Laurie Anderson has been doing performance art for a long time. She’s still doing it quite well, and a smallish crowd turned out at the Egg last Thursday to see her latest work. In The End of the Moon, she mixed monologues, some stream-of-consciousness bits that might as well be called poetry, a lot of music and a few jokes together with her bemused, Zen-esque sensibility. The result didn’t so much cohere as efficiently hang together, but it was entertaining nonetheless.
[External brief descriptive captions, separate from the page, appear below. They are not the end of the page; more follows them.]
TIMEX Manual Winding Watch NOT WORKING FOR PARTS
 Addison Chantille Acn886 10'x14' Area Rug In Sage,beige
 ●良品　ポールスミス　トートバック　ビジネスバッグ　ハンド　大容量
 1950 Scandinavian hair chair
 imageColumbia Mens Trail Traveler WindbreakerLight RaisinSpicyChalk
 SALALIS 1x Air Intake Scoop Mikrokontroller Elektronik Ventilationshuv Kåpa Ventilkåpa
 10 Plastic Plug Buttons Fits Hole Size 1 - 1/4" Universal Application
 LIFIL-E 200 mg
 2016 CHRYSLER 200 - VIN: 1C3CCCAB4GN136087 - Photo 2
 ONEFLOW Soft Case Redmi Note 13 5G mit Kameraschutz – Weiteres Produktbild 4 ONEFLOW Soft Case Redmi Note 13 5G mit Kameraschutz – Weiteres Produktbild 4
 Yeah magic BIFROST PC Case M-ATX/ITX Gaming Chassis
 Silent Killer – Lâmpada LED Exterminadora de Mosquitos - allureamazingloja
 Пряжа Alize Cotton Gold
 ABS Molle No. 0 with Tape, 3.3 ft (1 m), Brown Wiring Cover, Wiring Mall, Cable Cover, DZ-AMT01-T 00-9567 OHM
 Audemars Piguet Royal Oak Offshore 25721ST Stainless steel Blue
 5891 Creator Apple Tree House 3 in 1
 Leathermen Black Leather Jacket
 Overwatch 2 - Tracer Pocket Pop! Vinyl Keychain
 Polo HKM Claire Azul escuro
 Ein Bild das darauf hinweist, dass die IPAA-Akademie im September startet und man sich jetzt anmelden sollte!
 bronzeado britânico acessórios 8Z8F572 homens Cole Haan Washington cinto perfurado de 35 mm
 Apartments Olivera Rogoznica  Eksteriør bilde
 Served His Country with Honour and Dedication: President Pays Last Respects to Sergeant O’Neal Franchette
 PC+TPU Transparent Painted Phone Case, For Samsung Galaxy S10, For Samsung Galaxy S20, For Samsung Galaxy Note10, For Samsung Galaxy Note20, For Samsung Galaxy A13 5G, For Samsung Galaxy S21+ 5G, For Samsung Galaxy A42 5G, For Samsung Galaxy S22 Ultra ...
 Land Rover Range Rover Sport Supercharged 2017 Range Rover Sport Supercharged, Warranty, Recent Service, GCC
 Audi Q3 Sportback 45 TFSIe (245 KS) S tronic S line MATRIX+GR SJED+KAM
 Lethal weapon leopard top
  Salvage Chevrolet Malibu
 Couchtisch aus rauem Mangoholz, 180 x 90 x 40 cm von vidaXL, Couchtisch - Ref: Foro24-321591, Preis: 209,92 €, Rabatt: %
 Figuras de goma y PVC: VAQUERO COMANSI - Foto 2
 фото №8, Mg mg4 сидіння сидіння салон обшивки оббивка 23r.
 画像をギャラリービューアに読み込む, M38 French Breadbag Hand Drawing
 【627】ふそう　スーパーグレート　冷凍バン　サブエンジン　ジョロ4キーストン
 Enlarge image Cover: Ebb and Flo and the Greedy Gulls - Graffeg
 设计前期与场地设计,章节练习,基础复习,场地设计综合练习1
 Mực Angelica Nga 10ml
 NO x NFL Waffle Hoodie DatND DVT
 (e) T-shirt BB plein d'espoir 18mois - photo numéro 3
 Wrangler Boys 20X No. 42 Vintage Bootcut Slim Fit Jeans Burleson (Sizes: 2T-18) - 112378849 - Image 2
Anderson, dressed all in black with silver sparkly highlights on her shirt, looked, appropriately, like the show biz equivalent of a stereotypical, black-clad downtown- Manhattan artist. Smoked swirled around the stage area of the Hart Theater, while the stage itself was adorned with lights that looked like little votive candles. The last was a nice touch—it served to limit Anderson’s movements, and at the same time emphasize the grace with which she had to move around.

Anderson began the show sitting in an old-style living room chair placed at stage left, but, after some opening thoughts on beauty and life as a kind of bad art, she stepped carefully to the center of the stage, where her computer and electric violin were placed.

The peg on which the evening hung was this: In 2003, the powers that be at NASA decided they wanted Anderson to be their first artist in residence. This, she explained, was a kind of “dream job” for her: “I took it really seriously.” She toured the various NASA facilities over the last two years, getting a look at various space and space- related programs that seemed, to her, more like “gigantic art projects.”

She described, with no small amount of wonder, nanotechnology projects, images from space and—with an audible note of dread—other projects that would probably be exploited for their military capabilities.

This was a nice segue to the subject of the war, one of the many subtexts to her mournful music and deadpan musings. In a story about her dog, Lolabelle, being targeted by vultures on a walk through the California woods, she evoked 9/11.

To her dismay, she was told by NASA that she was “not just the first, but the last artist in residence.” Anderson didn’t speculate as to the reason the program was ended.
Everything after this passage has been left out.